Frequently Asked Questions
- What is fracture nonunion and why does it matter?
- Nonunion happens when a broken bone fails to heal completely within the expected timeframe -- typically defined as no visible healing progress after several months. It can cause chronic pain, instability, and may require repeat surgery. For men on TRT who fracture a leg, hip, or ankle, understanding this risk helps them and their clinicians make smarter decisions.
- How much does TRT increase the risk of nonunion after lower extremity fracture surgery?
- A 2025 study published in PubMed found a statistically significant association between TRT use and increased nonunion risk following surgical fixation of lower extremity fractures. The absolute risk numbers and confidence intervals are detailed in the source paper (PMID 42314529). We encourage you to review that data with your clinician in the context of your own health history.
- Should I stop TRT if I fracture a bone?
- Do not make that decision on your own. The evidence suggests a possible association, but stopping TRT abruptly carries its own risks, including rapid symptom return and hormonal instability. This is a conversation for your prescribing clinician and your orthopedic surgeon together, with full knowledge of your labs and protocol.
- Does testosterone help or hurt bone density overall?
- Testosterone generally supports bone mineral density, and hypogonadism is a recognized risk factor for osteoporosis. The nonunion signal is about post-fracture healing under surgical fixation conditions -- a more specific and more nuanced question than overall bone density. Both things can be true at once: testosterone protects bone density while potentially affecting fracture repair biology.
- What labs should men on TRT have monitored regularly?
- What clinicians look for includes total and free testosterone, hematocrit, estradiol, PSA (for men over 40), and a metabolic panel. Bone-specific markers like DEXA scan results, vitamin D, and calcium are also relevant for men with fracture risk factors. We review these at six weeks, three months, and at least twice a year thereafter.
- Are there other medications or conditions that increase nonunion risk?
- Yes. NSAIDs, corticosteroids, smoking, diabetes, vitamin D deficiency, and poor blood supply to the fracture site are all established risk factors for nonunion. TRT appears to be an additional variable that warrants disclosure to your surgical team -- not the only one or necessarily the dominant one.
- How does NoMi Beach Health approach TRT monitoring differently from a high-volume TRT clinic?
- We follow AUA guidelines, require two morning blood draws to confirm deficiency, take a full history before prescribing, and monitor labs at defined intervals for the life of the protocol. We also communicate with your other specialists -- including surgeons if needed -- because TRT does not exist in a vacuum.
Sources
- Tornberg HL, et al. Testosterone replacement therapy increases the risk of nonunion after surgical fixation of lower extremity fractures. PubMed (2025).

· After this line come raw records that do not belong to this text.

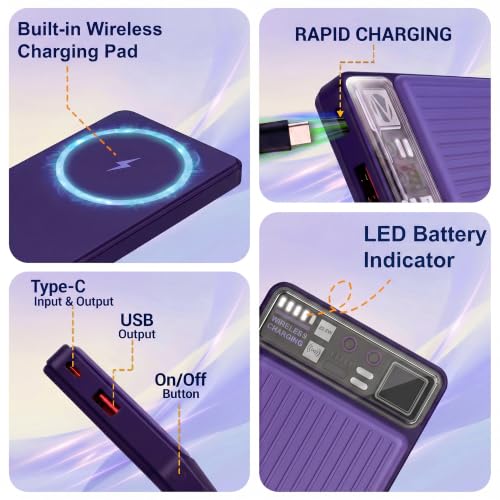 Image of Energizer 22.5W Fast Charging Wireless Power Bank 10000mAh, 15W Qi Wireless, USB-C PD + QC Output, Compact Portable Charger for iPhone, Samsung, Android | Travel Friendly | 1 Yr Warranty | Purple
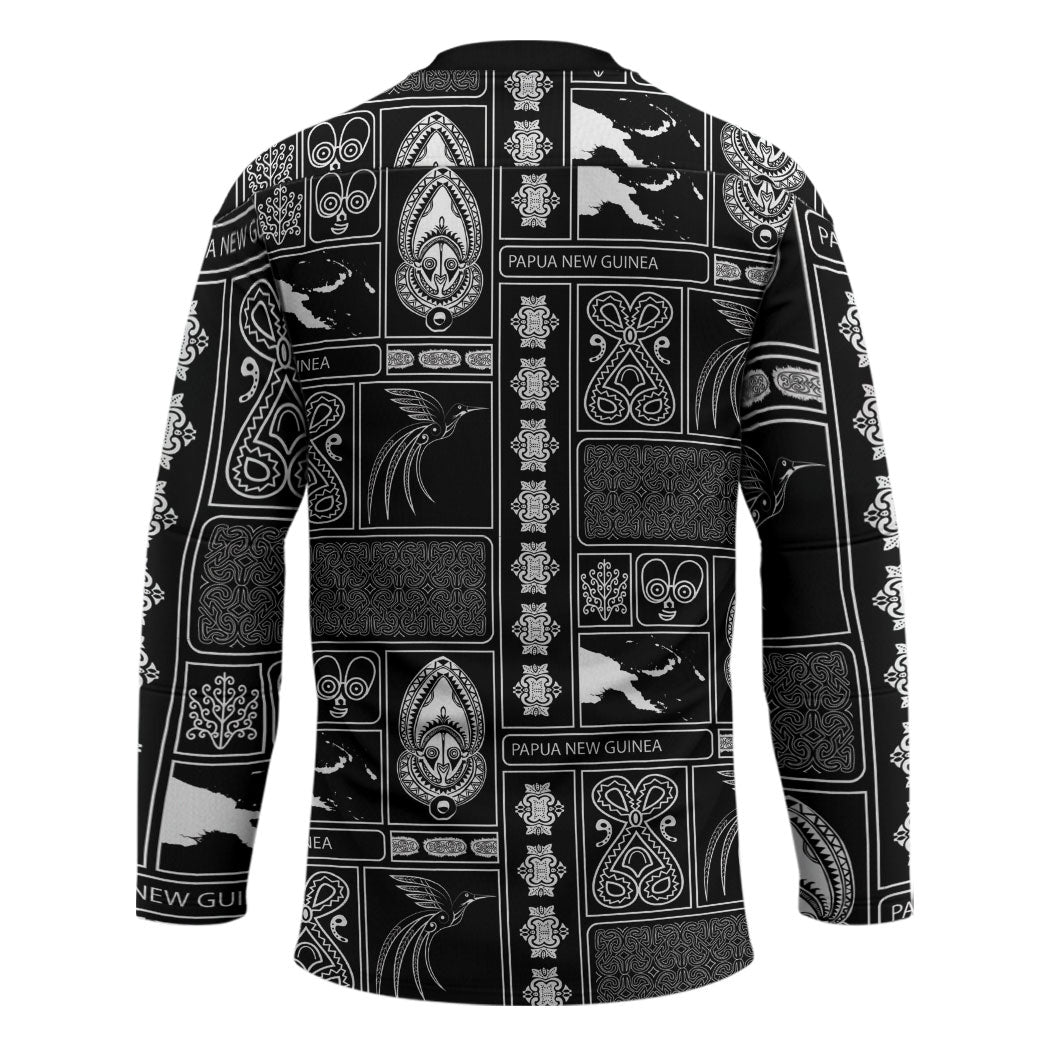 Papua New Guinea Heritage Motif Hockey Jersey Black Version
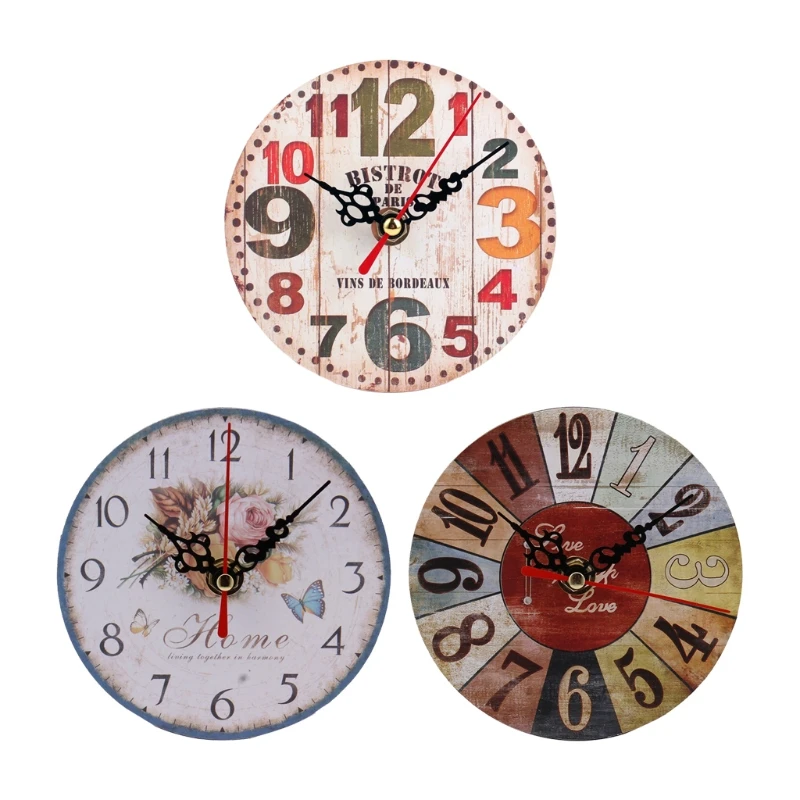 Round Wall Clock Farmhouse Wall Clock with Big Numerals Wooden Wall Clock Battery Wall Clock Hanging for Home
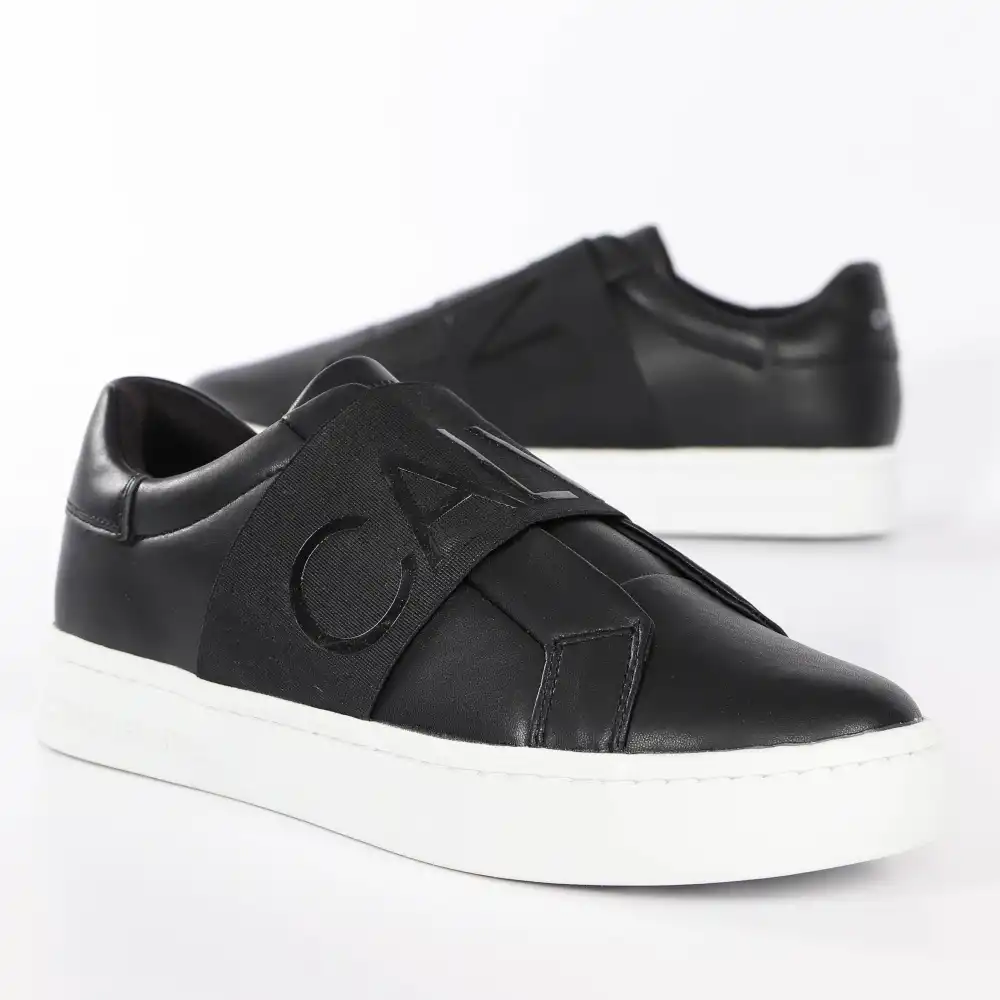 Basket de ville basse femme Calvin Klein Cupsole sillon elastic Noir - ZESHOES Basket de ville basse femme Calvin Klein Cupsole sillon elastic Noir - ZESHOES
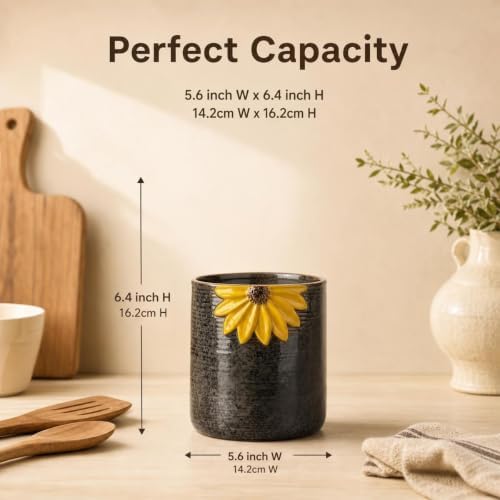 Ceramic Utensil Holder Sunflower Kitchen Utensil Crock Flower Vase Decor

- Mulhall JP, et al. Evaluation and Management of Testosterone Deficiency: AUA Guideline. J Urol (2018).
- Bhasin S, et al. Testosterone Therapy in Men with Hypogonadism: An Endocrine Society Clinical Practice Guideline. J Clin Endocrinol Metab (2018).

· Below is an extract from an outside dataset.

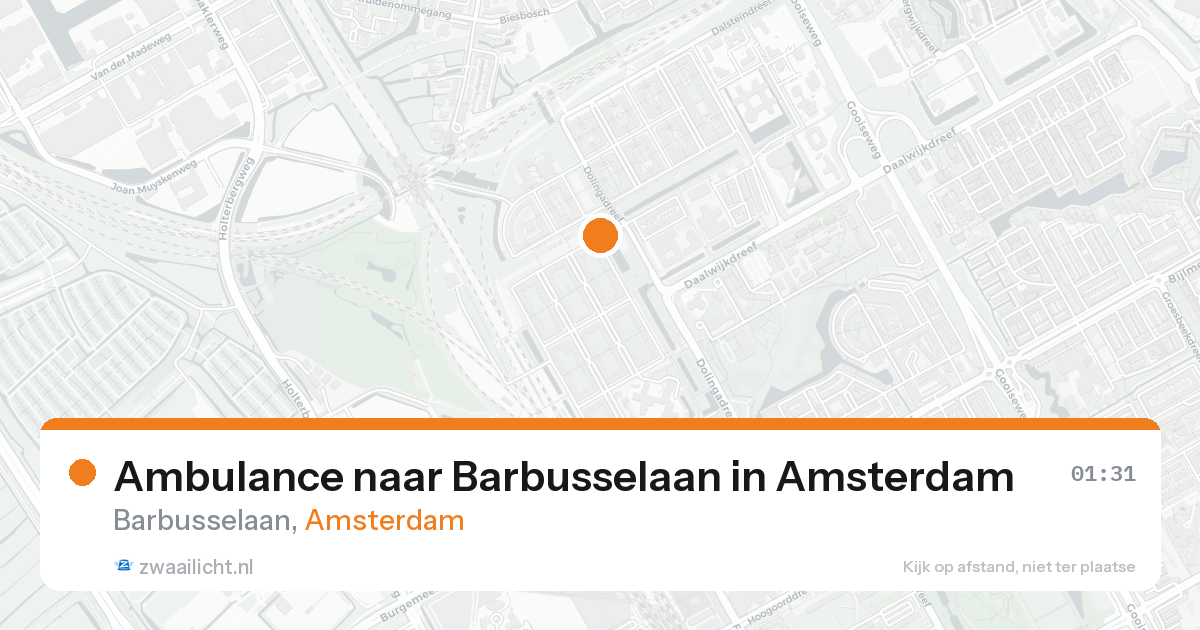 Ambulance naar Barbusselaan in Amsterdam — 15 aug 2026
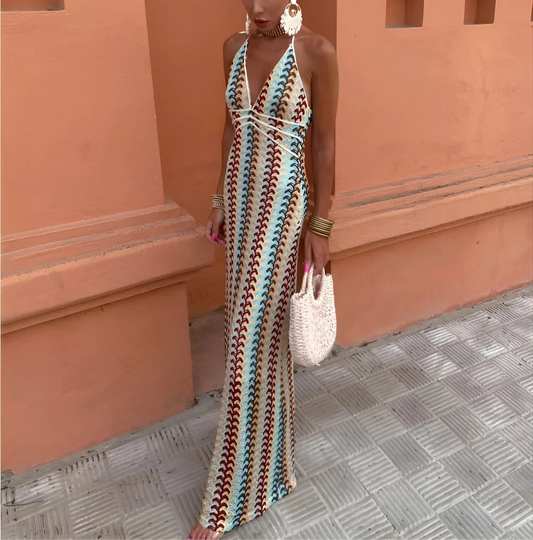 Vibrant Print Flowy Maxi Dress for Women - ModishWorld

- Kenanidis E, et al. The role of sex hormones in fracture healing. Eur J Orthop Surg Traumatol (2023).
- Giannoudis PV, et al. Fracture healing: the diamond concept. Injury (2007).
- Alford AI, et al. Impaired fracture healing in patients receiving hormonal therapies: molecular mechanisms and clinical implications. Bone (2020).
- Cauley JA, et al. Testosterone and bone health in men: a systematic review. J Clin Endocrinol Metab (2016).
- Zhu Y, et al. Effect of anabolic steroids on fracture healing: a systematic review of animal and clinical studies. J Orthop Res (2022).
- Browner WS, et al. Impaired healing and NSAID use: clinical and mechanistic considerations. Arch Intern Med (1993).
- Testosterone and the TRAVERSE Trial Investigators. Cardiovascular Safety of Testosterone-Replacement Therapy. N Engl J Med (2023).